The match is a slog. We rack up twenty-four shots to the visitors’ sole effort, and enjoy more than two-thirds possession, like the little Manchester City lot that we are, however it’s decided by a single goal, Hirving Lozano finding the net after eighteen minutes. It’s difficult to say how many more we should have had. Put it down to a combination of dogged defending, luck, a dash of complacency and operating in first gear, perhaps. Not that it matters. At the end we’re shaking hands with the bigwigs of the Italian FA and given custodianship of the Serie A trophy.

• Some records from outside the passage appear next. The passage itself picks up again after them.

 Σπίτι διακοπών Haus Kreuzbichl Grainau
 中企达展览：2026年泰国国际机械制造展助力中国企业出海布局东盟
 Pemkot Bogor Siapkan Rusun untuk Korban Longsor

As a charming bonus for clinching Serie A, £1.8 million is sliced off my transfer budget. This is due to Napoli paying that sum of money to Bordeaux as part of the deal to sign Adam Ounas. The player in question is an Algerian winger who we signed several years ago, has since largely failed to make the grade and is currently on loan with Cagliari. To summarise, I’m being punished for someone I didn’t sign and who I don’t want. Groovy.
April rounds off with a trip to London and our Europa League Semi-Final against Arsenal. Now managed by Marcelo Bielsa after the sacking of Arteta, the Gunners look destined to finish in their worse position for years and years. Currently eighth, out of reach of the Champions League places and frankly drifting, they’ve lost almost as many matches as they have won. For all that, there’s plenty of talent here. Especially notable is the contribution of young tyro Bukayo Saka, an effervescent livewire on the wing who can create something from next to nothing, an alchemist in other words.

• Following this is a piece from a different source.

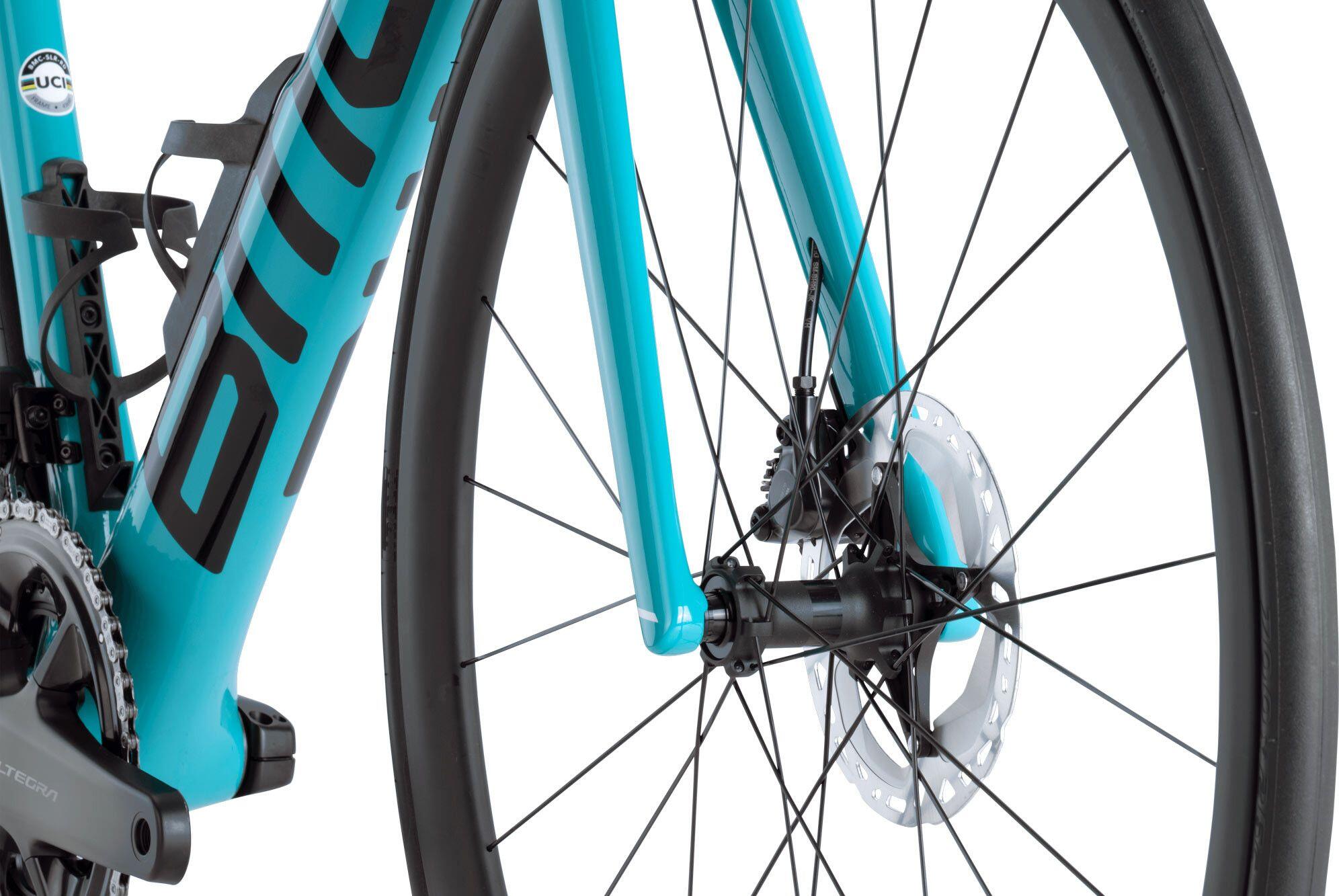 Reconditionné Vélo de Route BMC Teammachine SLR 01 Four Shimano Ulte - Très Bon 6/7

As though to underline the comparative excellence of the Premier League, we manage not a single shot in the first half as Arsenal put us to the sword. We look tired and laboured, while the home team seem intent of taking out all the frustrations of their season out on us. Pierre-Emerick Aubameyang and Lacazette look full of slippery movement, sending my defenders spinning in their wake, however they don’t open their account until the hour mark when Koulibaly concedes a penalty and the Gabonese forward slots coolly to Ospina’s left. Forced to play with a more positive mentality, Victor Osimhen snatches one back and then Kostas Manolas finally puts us in front when he heads in from Mario Rui’s corner kick. But Arsenal don’t deserve to lose, and some late sustained pressure reaps its reward when Dani Ceballos produces an equaliser. 2-2 is a very promising scoreline to take back to Italy, considering the strength of the opposition.